For starters, humans are fallible - we often make mistakes. We do it
in our everyday living, so I somehow doubt it's impossible to flush it
out of our coding. Obviously, as we go through life, we learn how to
avoid making common mistakes (well, most of us do), and likewise we
stop making common mistakes in our programming. We stop making syntax
errors, and progress (sic) to logical errors, and then finally to
design errors.

Secondly, we are imprecise communicators. What the end user wants
might not be accurately conveyed to the analyst, and then not
accurately end up in the specifications for the project. Add this to
time, energy and knowledge limits (for example, what end user
rigorously reviews every specifications document to make sure they're
getting what they want?), and you have a recipe for mismatched

Lastly, what someone might call a "bug" someone else calls a "feature"
(that might make you laugh!) or an "unsupported situation" or "outside
the specifications". I'm writing a word processor.
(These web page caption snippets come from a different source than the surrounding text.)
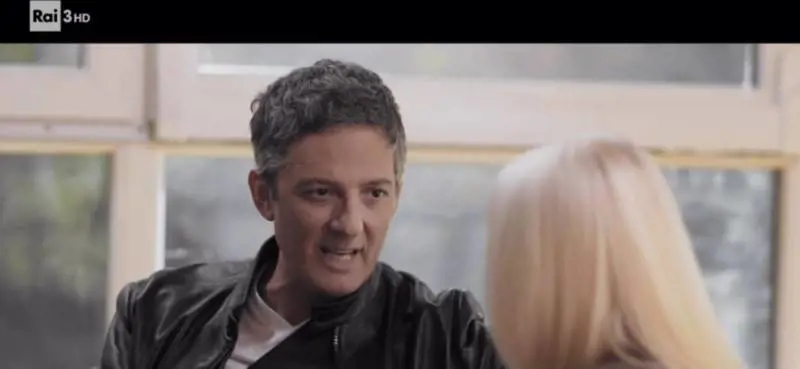 Fiorello: "Sanremo mi ricorda la morte di mio padre"
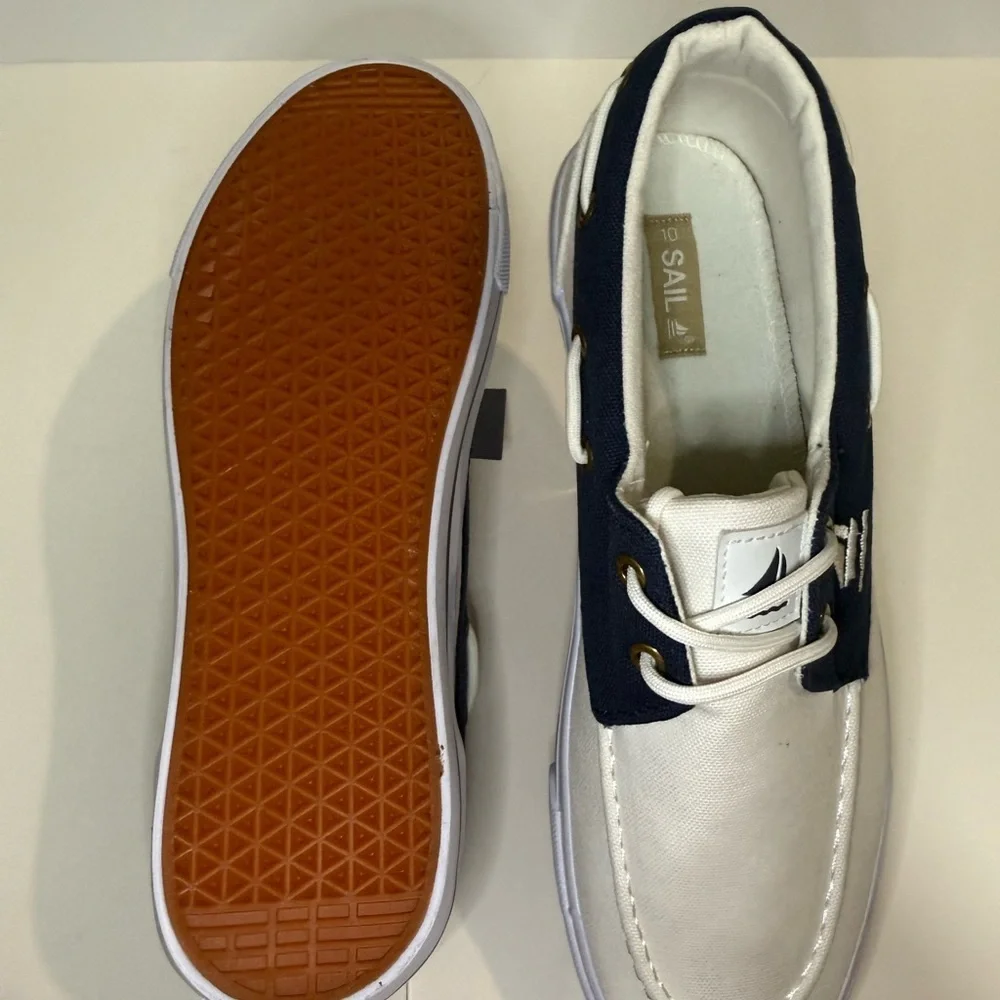 SAIL - Stylish Men's White and Navy Boat Shoes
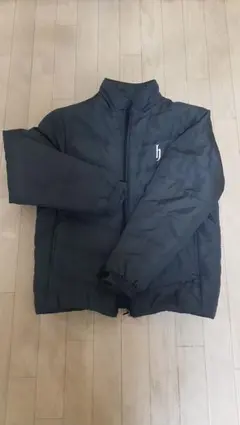 ブラックダウンジャケット hのロゴ付き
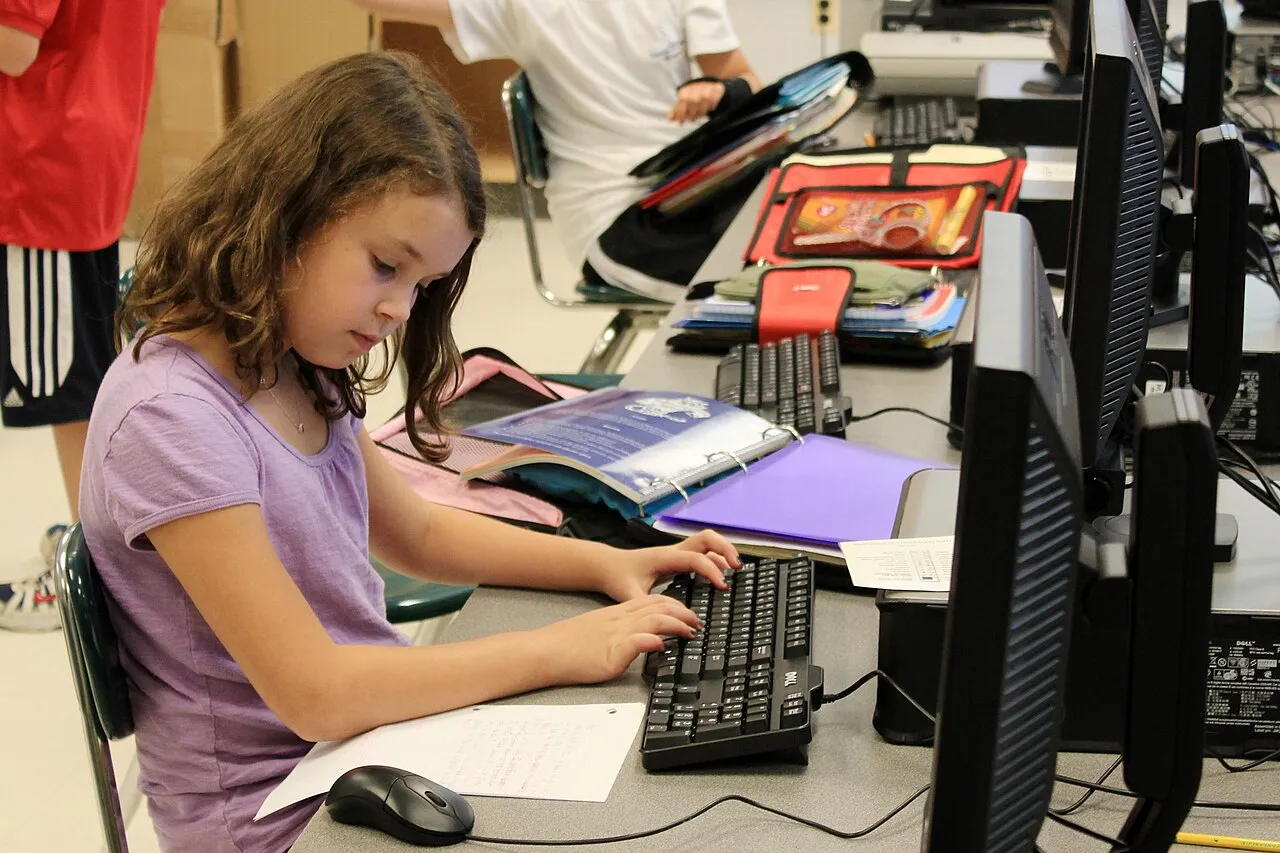 Mexico to Require Platforms to Protect Minors: The Wider Story A student working at a computer, illustrating young people online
I use a long to
store the current page number. Assuming an unsigned long, that'll give
me about 4 billion pages. The original specs probably call for a "page
numbering feature", but nothing that indicates whether this should
handle "negative numbers", "imaginary numbers", or documents than have
more than 4 billion pages.

So what happens when someone decides to be smart and start numbering
their pages at 4294967295 and the next page is page 1? Is that a bug?
Or is it a situation that is outside the specifications of the
application? I mean, we could handle documents with larger page
counts, but at what point do we stop? Obviously at the point that's
mentioned in the specs, but at what point do we stop writing specs? At
what point have we handled every reasonably conceivable situation in
the specs?

Someone on this list once said that applictions should never ship with
bugs - my personal opinion is that that particular person simply isn't
aware of the bugs in their applications - any non-trivial application
these days has "bugs" in it. Whether they are really coding errors, or
the result of other factors (eg misunderstandings or incomplete
communication between end user and developer) is another issue.